If I have this right, the change $\Delta S$ in a stock price over a small time interval $\Delta t$ is posited to behave as


$\Delta S = \mu S \Delta t + \sigma \sqrt{\Delta t} \varepsilon S$


where $\mu = \text{drift rate}$, $\sigma = \text{volatility}$ (constant), and $\varepsilon$ is a fair coin flip resulting in $1$ and $-1$ (I prefer this incremental equation to a stochastic one, I'm not up on Ito's lemma and all that). $S_T$, the stock price at time $T$, is then (for fixed $\Delta t$) the random variable


$S_T = S_0 \left(1+\mu \Delta t + \sigma \sqrt{\Delta t} \right)^X \left(1+\mu \Delta t - \sigma \sqrt{\Delta t}\right)^{N-X}$


where $X$ is a binomial R.V. counting the number of $1$'s from the coin flips and $N = T/\Delta t$. Using the normal approximation for $X$ and letting $\Delta t \rightarrow 0$ gets us


$S_T = S_0 e^{(\mu-\sigma^2/2)T}e^{\sigma \sqrt{T} Z}$


where $Z$ is standard normal (or we could replace $\sqrt{T} Z$ with brownian motion $W$ for a dynamic model). From this we can compute the following expected values:


$\ln(E[S_T]) = \ln(S_0) + \mu T$


$E[\ln(S_T)] = \ln(S_0) + (\mu - \sigma^2/2) T$



First, a dumb question: if volatility isn't a concern, it's the second of these quantities that an investor is concerned with when deciding to purchase a stock, yes? i.e., the expected value of logarithmic returns is the correct measure of the performance of a stock, not log of the expected value?

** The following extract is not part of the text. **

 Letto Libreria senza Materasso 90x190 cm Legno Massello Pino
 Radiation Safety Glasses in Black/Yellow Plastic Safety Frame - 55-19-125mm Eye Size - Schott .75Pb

My second question maybe isn't as dumb. Assuming what I just said is correct, does this imply that, in a world where this model held perfectly and that $\mu$ and $\sigma$ were known for all stocks and to all investors, that $\mu - \sigma^2/2 = r$, the risk-free rate? It would seem to, since a riskless bond with $\mu = r$ and $\sigma = 0$ is always available to investors. I'm asking because I'm curious and I'd like to say something intelligent to my students about the relationship between $\mu$ and $\sigma$ in this model, e.g higher $\sigma$ means higher $\mu$.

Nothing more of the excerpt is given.